Resulta do que se vem dizendo, que contrariamente ao entendimento que subjaz à sentença recorrida, a qualidade de proprietário do apelante em relação ao prédio dos autos não é condição de legitimação processual para este mesma instaurar a presente ação, sequer de legitimação substantiva necessária à respetiva procedência, sendo discutível que a questão do direito de propriedade do apelante sobre o prédio cujo despejo peticiona deveria ter constituído thema decidendum nos presentes autos, como foi.
Condição para a procedência desta acção não é a qualidade de proprietário do autor, é sim a qualidade de “senhorio” na pessoa do autor, uma vez que nesta ação o que está em causa é a relação obrigacional e contratual senhorio versus arrendatário.
“Senhorio” é aquele que, segundo o contrato de arrendamento celebrado e cuja resolução se pretende obter, ocupa essa posição, isto é, será aquele que nos termos do contrato de arrendamento outorgado se obrigou a proporcionar (e que proporcionou) ao outro contraente (o arrendatário) o gozo temporário do imóvel, mediante a obrigação deste de lhe pagar a renda convencionada e, bem assim aquele que, entretanto, por acto intervivos ou mortis causa, lhe sucedeu nessa sua posição contratual. Deste modo, têm, em princípio, legitimidade para a acção de despejo os sujeitos da relação jurídica de arrendamento, ou seja, aqueles que segundo o respectivo contrato, ocupam as posições de senhorio e de arrendatário. Embora o senhorio seja, geralmente, o proprietário do imóvel sucede que, por vezes, o não é. A legitimidade activa para instaurar a acção de despejo não está dependente da alegação e prova por parte do senhorio da sua qualidade de proprietário em relação ao arrendado, mas sim da sua qualidade de “senhorio”, visto que na acção de despejo o que está em causa é a relação obrigacional e contratual senhorio versus inquilino.[2]

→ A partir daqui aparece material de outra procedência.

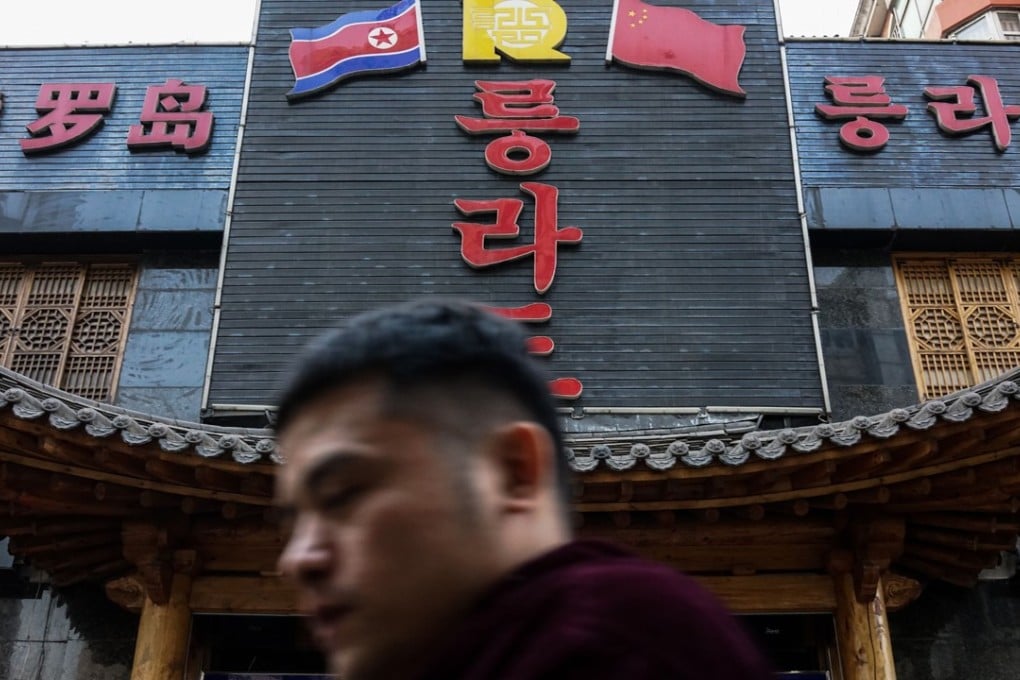 A man walks past a North Korean restaurant in Shenyang, Liaoning. Beijing set a deadline of January 9 for North Korean businesses in China to close. Photo: AFP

De resto, o autor juntou com a petição inicial documento comprovativo de ter feito registo da propriedade sobre aquele imóvel com apresentação de 33 de 2012.07.16, e, no essencial, o Autor peticiona que seja declarado resolvido o contrato de arrendamento celebrado com os Réus por falta de pagamento das rendas e que estes sejam condenados a entregar-lhe o locado em boas condições, tal como foi arrendado e a pagarem-lhe as rendas vencidas desde fevereiro de 2014 e as vincendas, até à entrega do locado.
E conforme se apurou, o Autor e sua mulher têm desde 09/12/2020 registado em seu nome na Conservatória do Registo Predial de Matosinhos o direito de propriedade sobre o prédio aí descrito sob o nº 2445/20030303, da freguesia …, com fundamento no reconhecimento por sentença judicial da aquisição do prédio pelos autores por usucapião.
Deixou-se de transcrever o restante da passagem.